To run the code, please do the following:
  1. run "Pixelize_Collimator_Aperture_v4.m"
  2. upon promp select the folder containing the curve "26-Jul-2018_A170258.txt"
  3. upon prompt click on the curve file name "26-Jul-2018_A170257.txt"
  4. upon prompt enter 1 for the number of nodes (of the Grid) per unit square area. This data can be any positive number (not necessaily integer). If there are too many points per unit square area then it becomes hard to see what is going on.
  5. the program will stop on line 155 of script "Pixelize_Collimator_Aprture_v4.m"
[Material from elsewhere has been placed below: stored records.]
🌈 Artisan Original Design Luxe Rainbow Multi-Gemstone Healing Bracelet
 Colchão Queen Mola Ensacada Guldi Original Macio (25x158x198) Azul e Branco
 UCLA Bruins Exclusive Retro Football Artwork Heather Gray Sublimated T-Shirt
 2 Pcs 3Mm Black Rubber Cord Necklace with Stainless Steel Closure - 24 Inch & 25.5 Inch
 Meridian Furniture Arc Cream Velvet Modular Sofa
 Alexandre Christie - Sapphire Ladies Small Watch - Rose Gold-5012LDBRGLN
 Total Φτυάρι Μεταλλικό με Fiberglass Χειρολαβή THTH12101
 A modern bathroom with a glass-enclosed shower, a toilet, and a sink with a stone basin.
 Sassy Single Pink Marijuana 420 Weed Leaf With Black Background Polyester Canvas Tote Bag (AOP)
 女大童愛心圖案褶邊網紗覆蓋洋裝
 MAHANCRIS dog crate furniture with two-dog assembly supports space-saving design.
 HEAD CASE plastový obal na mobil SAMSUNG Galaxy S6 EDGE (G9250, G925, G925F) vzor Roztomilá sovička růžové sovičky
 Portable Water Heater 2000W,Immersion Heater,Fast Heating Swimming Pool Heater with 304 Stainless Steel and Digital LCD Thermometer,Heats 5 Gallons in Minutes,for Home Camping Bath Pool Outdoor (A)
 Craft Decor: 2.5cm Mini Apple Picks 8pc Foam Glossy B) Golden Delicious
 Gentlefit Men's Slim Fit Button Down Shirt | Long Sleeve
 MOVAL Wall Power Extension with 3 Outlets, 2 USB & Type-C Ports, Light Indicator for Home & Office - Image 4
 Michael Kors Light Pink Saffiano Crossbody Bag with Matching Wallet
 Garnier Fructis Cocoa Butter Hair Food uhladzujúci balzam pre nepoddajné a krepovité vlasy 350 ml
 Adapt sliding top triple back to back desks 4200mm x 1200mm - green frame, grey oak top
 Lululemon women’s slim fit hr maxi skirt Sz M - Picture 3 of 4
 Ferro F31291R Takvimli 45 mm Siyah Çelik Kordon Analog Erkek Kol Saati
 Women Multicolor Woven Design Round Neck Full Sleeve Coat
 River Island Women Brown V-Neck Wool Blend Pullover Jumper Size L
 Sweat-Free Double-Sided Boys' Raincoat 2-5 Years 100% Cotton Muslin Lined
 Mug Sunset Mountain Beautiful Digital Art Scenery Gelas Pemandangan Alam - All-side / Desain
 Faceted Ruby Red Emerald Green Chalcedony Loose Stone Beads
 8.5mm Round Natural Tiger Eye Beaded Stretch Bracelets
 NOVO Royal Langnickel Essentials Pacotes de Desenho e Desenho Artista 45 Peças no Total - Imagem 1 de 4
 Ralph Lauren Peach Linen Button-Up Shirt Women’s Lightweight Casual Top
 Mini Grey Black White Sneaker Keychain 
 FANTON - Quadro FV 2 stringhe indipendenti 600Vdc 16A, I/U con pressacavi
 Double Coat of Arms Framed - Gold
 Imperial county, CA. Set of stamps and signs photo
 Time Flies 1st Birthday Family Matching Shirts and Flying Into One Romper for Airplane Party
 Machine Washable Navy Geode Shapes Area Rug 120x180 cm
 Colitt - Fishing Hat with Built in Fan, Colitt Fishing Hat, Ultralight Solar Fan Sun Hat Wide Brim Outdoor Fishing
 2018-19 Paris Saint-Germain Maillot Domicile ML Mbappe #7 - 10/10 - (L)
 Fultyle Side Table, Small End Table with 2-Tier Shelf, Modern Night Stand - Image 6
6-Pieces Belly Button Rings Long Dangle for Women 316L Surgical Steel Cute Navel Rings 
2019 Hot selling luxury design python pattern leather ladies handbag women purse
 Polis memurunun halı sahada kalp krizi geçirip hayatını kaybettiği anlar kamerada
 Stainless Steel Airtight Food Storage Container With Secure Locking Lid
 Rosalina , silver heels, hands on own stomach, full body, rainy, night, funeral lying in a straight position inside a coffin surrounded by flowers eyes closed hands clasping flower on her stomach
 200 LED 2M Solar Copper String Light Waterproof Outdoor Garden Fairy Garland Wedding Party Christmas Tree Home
Given a closed 2D arbitrary curve, the program builds a grid over the curve bounding box. The goal is to approximate the area inclosed by the curve with square pixels whose side is sqrt(#nodes per square area). The goal is to keep the pixels that
  1. are totally inside the closed area
  2. intersect the curve on more than one point
  3. double the resolution only of the pixels that intersect the curve in more than one
  4. repeat steps 1. and 2. on the new smaller pixels in order to better approximate the area
The logic of my script is wrong as it would keep a pixel (yellow in the attached picture) that is totally outside the closed curve but only has the upper left corner on the curve. This corner coordinates are printed on the picture and coincide with one of the 4 points making up the pixel as printed by the script.
I wrongly toughts that MatLab function "inpolygon" would separate the points inside a curve from the points on the curve. Instead this is returns as "inside" a point which is on the curve.
I use the contributed function "curveintersect" as a double-check. Luckily, as it helped me detect my error.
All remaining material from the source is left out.